By the time Golitsin came over, the policy had hardened. Any means to secure defections were authorized, starting with immense payments, but including other methods also. I remember one particular operation which began in the mid-1960s involving a senior KGB officer named Sergei Grigovin (a pseudonym) which illustrates the lengths we were prepared to go to. Grigovin was already known to us, because he had served in Denmark, and the Danish intelligence service had alerted us routinely to his identity. They also provided us with a few snippets of intelligence about him - one in particular was that he had a reputation for enjoying the company of women. The source report was circulated through to D4, the agent-running section of D Branch, and they were instructed to keep an eye out for Grigovin's indiscretions, since he had left his wife in Moscow.
Any Russian, and especially a KGB officer, who is caught liaising with women in the West by the KGB security division, the "SK," is in serious trouble, and the case had distinct possibilities. A year later a D4 agent runner received the first tip. An agent of his, a senior executive at the DAILY MIRROR newspaper, was in the habit of occasionally meeting Grigovin at dinner parties. A woman friend of his told him that Grigovin was having an affair with a friend to whom she had introduced the Russian. D4 raised the matter at the weekly meeting with D1 (Operations) and it was agreed that a much closer eye would be kept on the situation. The agent runner was told to encourage his agent gently to keep an eye on the evolving romance.
Eventually Grigovin finished with the girl, and when he next met the woman who had introduced them, he asked if she knew any other friends. The D1 realized immediately this was our chance. If we could introduce our own girl to Grigovin we would be in a perfect position to begin an entrapment operation. The plan was put up to F.J., who gave his consent, although the operation was kept secret from the Foreign Office, on the grounds that they would very likely veto it. D4 were instructed to produce a woman suitable for the job. They had a number of high-class call-girls they used for entrapments, and eventually one was successfully introduced to Grigovin at a party. He took the bait perfectly, and was soon engaged in an affair with her.
Events began to move toward their climax. He was placed under intensive surveillance, and we analyzed the various possibilities. It was obvious from the surveillance that Grigovin was purely interested in the girl for sex, and there was thought to be little chance of playing on his heartstrings. It had to be straightforward entrapment.

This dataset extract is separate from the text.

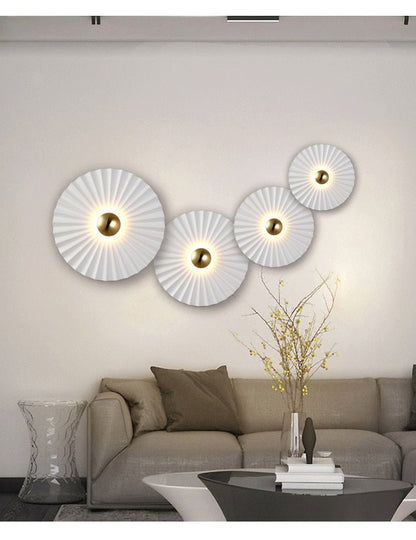 Round Lotus Leaf Flower Wall Decor Sconce - Querencian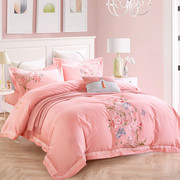 定制中式床品纯棉四件套白色，粉色床单式，4件套刺绣被套结婚庆床上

The plans for a defection are complex, and require weeks of careful planning. First a room was hired, and a two-way mirror and camera equipment installed. Then safe houses, and transport arrangements were made to safeguard Grigovin should he decide to defect. He had a family in Moscow, and checks were made on them in case he bargained for them to be exfiltrated as well.
Finally the day came. The D1 took charge of the operation himself. Grigovin and the girl arrived, and we ensured we had a good ten minutes of film of them in bed before the D1 and two burly MI5 officers opened the door with one of Leslie Jagger's keys.
"One of ours, I'm afraid..." said the D1, as the girl was hustled out of the door.
Grigovin looked momentarily stunned. The D1 pointed to the mirror. For a moment the KGB man looked straight into the camera. Then he understood.